| EXERCISE PROMPT |
Retype each line of the material below word for word; pictures stay out.

| SOURCE MATERIAL |
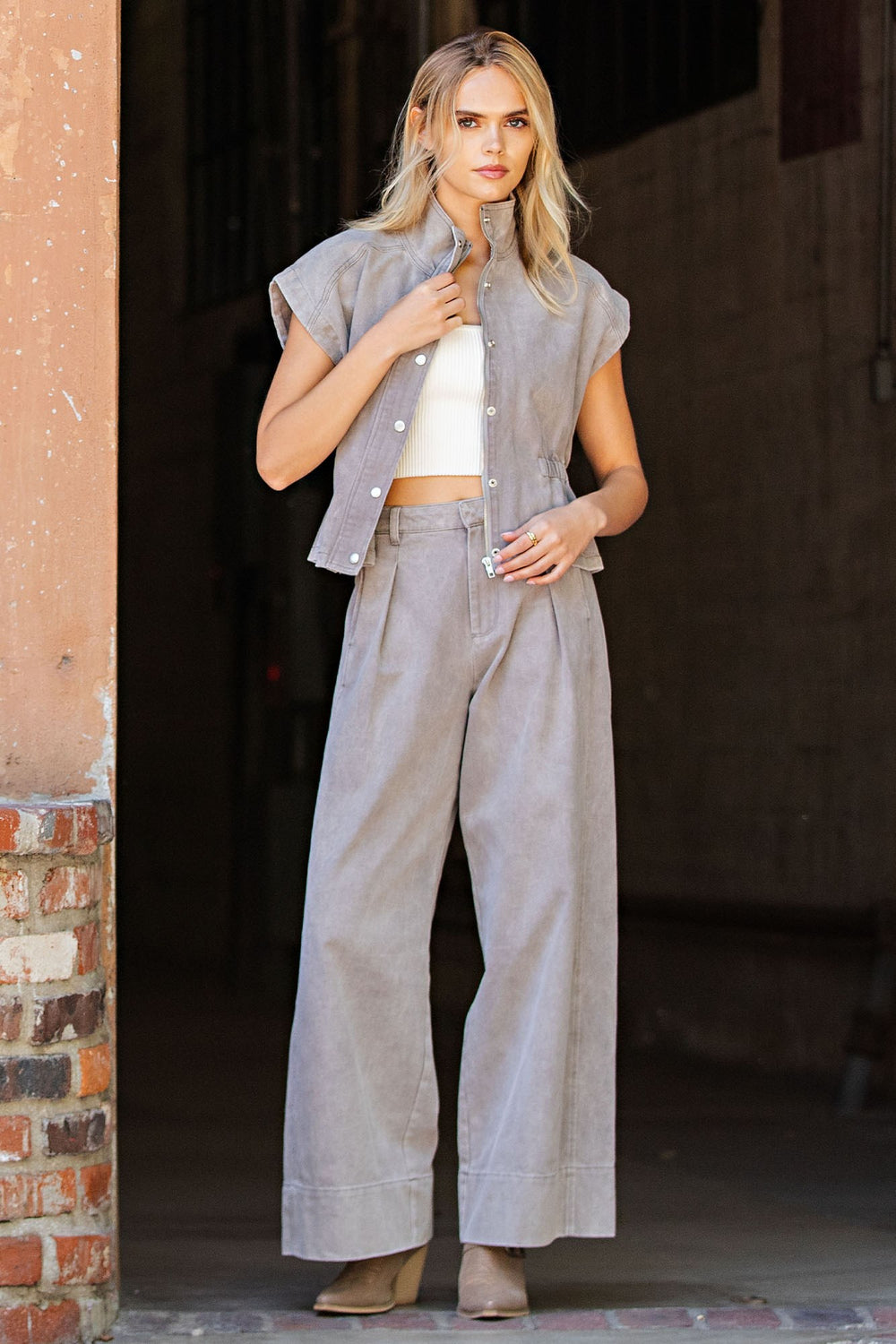 A woman models a light gray linen two-piece set consisting of a sleeveless button-up shirt and matching wide-leg pants, styled with a white crop top and beige heels.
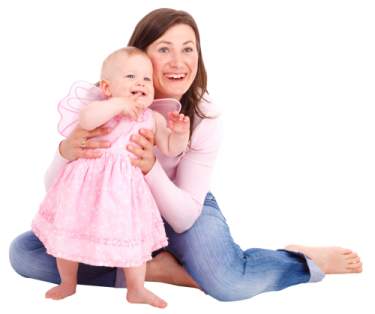 a woman holding a baby in her arms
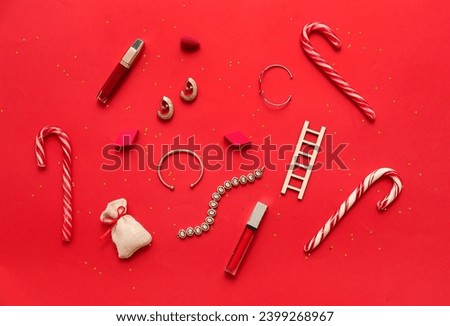 Christmas composition with makeup cosmetics, jewelry and decor on red background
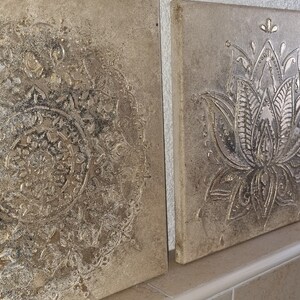 Op de afbeelding: Drie vierkante wanddecoraties met een verweerde, textuurrijke, beige achtergrond. Het middelste stuk heeft een zilveren reli&euml;f met een bloemenmotief. De twee zijstukken hebben een zilveren reli&euml;f met een mandala-ontwerp.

| EXERCISE OUTPUT |
 A woman models a light gray linen two-piece set consisting of a sleeveless button-up shirt and matching wide-leg pants, styled with a white crop top and beige heels.
 a woman holding a baby in her arms
 Christmas composition with makeup cosmetics, jewelry and decor on red background
 Op de afbeelding: Drie vierkante wanddecoraties met een verweerde, textuurrijke, beige achtergrond. Het middelste stuk heeft een zilveren reli&euml;f met een bloemenmotief. De twee zijstukken hebben een zilveren reli&euml;f met een mandala-ontwerp.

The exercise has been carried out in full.